Legittima la delibera che autorizza il passaggio di tubi del gas sulla facciata

Redazione scientifica
14 Febbraio 2020

È valida la delibera che autorizza l'uso della colonna di scarico dei rifiuti e il passaggio di tubi del gas sulla facciata. Di conseguenza, è irrilevante che solo alcuni partecipanti possano usufruire dell'iniziativa perché l'utilizzazione delle parti comuni non deve essere paritetica.

Alcuni condomini impugnarono davanti al Tribunale la delibera assembleare del Condominio con la quale, all'unanimità dei presenti, Tizio era stato autorizzato al passaggio della tubazione del gas in facciata e all'uso dell'attuale pattumiera per alloggiare il nuovo contatore e l'eventuale caldaia di produzione di acqua calda. In primo grado, il Tribunale rigettò l'opposizione. In secondo grado, la Corte d'appello, in parziale accoglimento dell'impugnazione degli attori, annullò la delibera, assumendo che essa, implicando una innovazione, avrebbe dovuto essere approvata con la maggioranza rinforzata dei due terzi. Nel giudizio di legittimità, la Corte di cassazione, cassò la decisione d'appello per avere erratamente affermato che la delibera costituisse un'innovazione. Nel successivo giudizio, in sede di rinvio, la Corte territoriale accolse l'appello e annullò la delibera. Secondo questa pronuncia, la nuova utilizzazione del tubo di scarico dei rifiuti era limitata ai soli condomini della verticale con veduta anche sul cortile, mancando invece per ragioni strutturali la possibilità per gli altri condomini di farne lo stesso uso con conseguente lesione del diritto d'uso della cosa comune. Avverso tale decisione, il Condominio ha proposto ricorso in Cassazione eccependo che il pari uso doveva intendersi potenziale, ma non assolutamente paritetico. Difatti, secondo il Condominio, non era prevedibile che altri condomini diversi da quelli posti in corrispondenza della canna potessero giammai usare la stessa al fine autorizzato.

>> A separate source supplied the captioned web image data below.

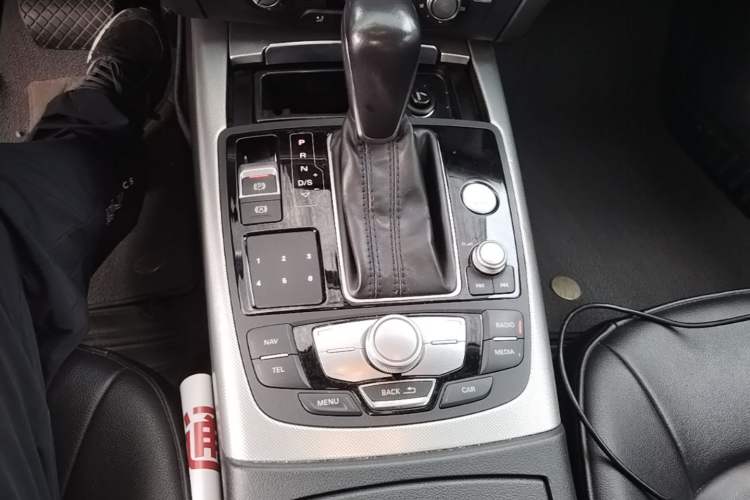 Used Audi A6L 2017 TFSI Technology Edition Gear Lever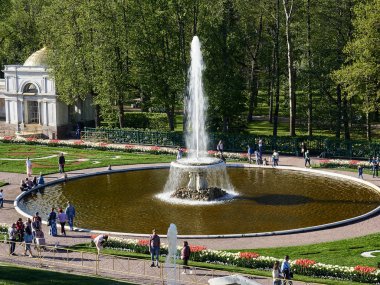 Peterhof Sarayı 'nın Alt Parkı' ndaki Çeşme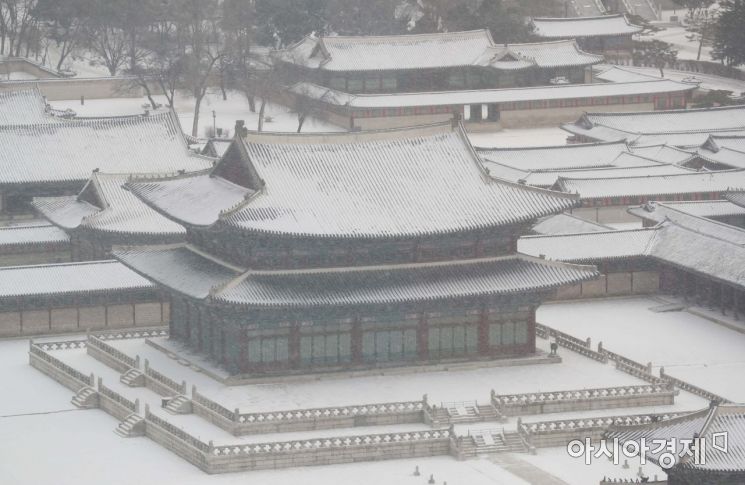 전국 곳곳에 눈이 내린 17일 서울 종로구 경복궁이 하얗게 변해 있다. /문호남 기자 munonam@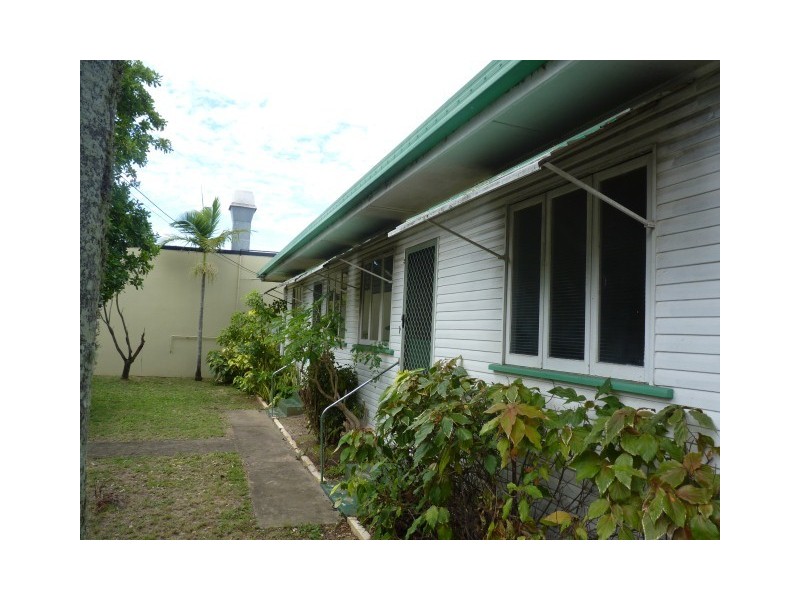 400 Esplanade, Torquay QLD 4655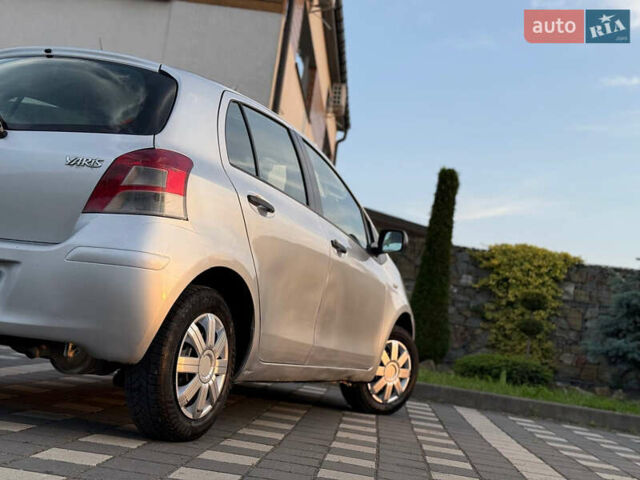 Серый Тойота Ярис, объемом двигателя 1 л и пробегом 230 тыс. км за 2999 $, фото 38 на Automoto.ua
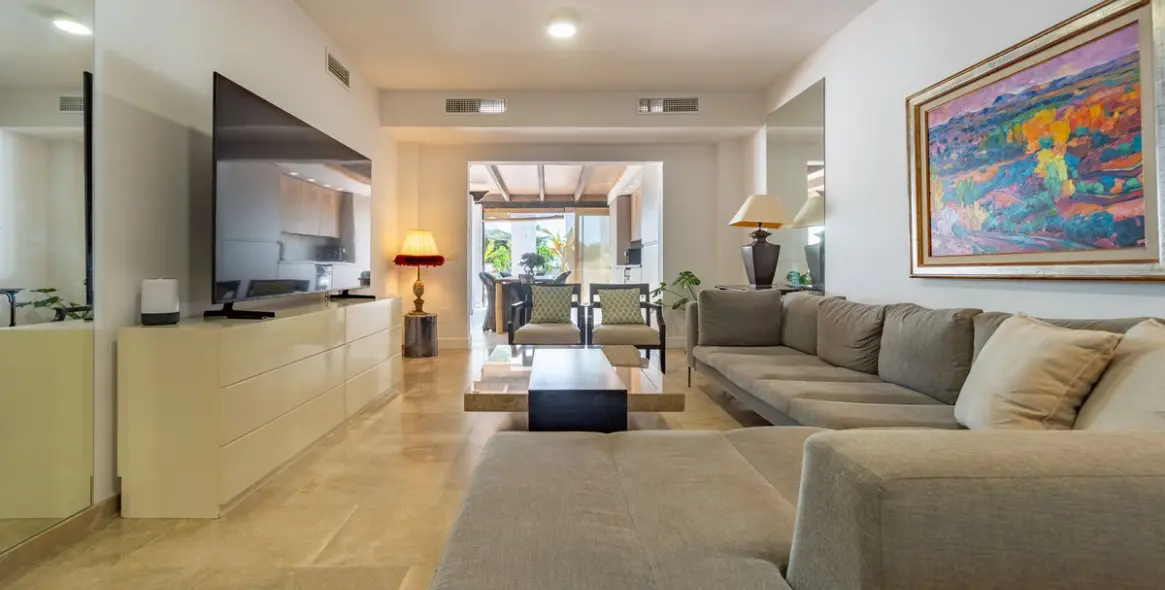 Long-term rent of penthouse in Marbella 7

Nel giudizio di legittimità, la S.C. contesta il ragionamento espresso nel provvedimento impugnato. Difatti, la nozione di pari uso della cosa comune, agli effetti dell'art. 1102 c.c., non va intesa nei termini di assoluta identità dell‘utilizzazione del bene da parte di ciascun comproprietario, in quanto l'identità nel tempo e nello spazio di tale uso comporterebbe un sostanziale divieto per ogni partecipante di servirsi del bene a proprio esclusivo o particolare vantaggio, pure laddove non risulti alterato il rapporto di equilibrio tra i condomini nel godimento dell'oggetto della comunione. Ne consegue, pertanto, che i limiti posti dall'art. 1102 c.c. all'uso della cosa comune da parte di ciascun condomino, ossia il divieto di alterarne la destinazione e l'obbligo di consentirne un uso paritetico agli altri comproprietari, non impediscono al singolo, se rispettati, di servirsi del bene anche per fini esclusivamente propri e di trarne ogni possibile utilità. Per le suesposte ragioni, il ricorso del Condominio è stato accolto; per l'effetto, la pronuncia è stata cassata e decisa nel merito con contestuale rigetto dell'appello.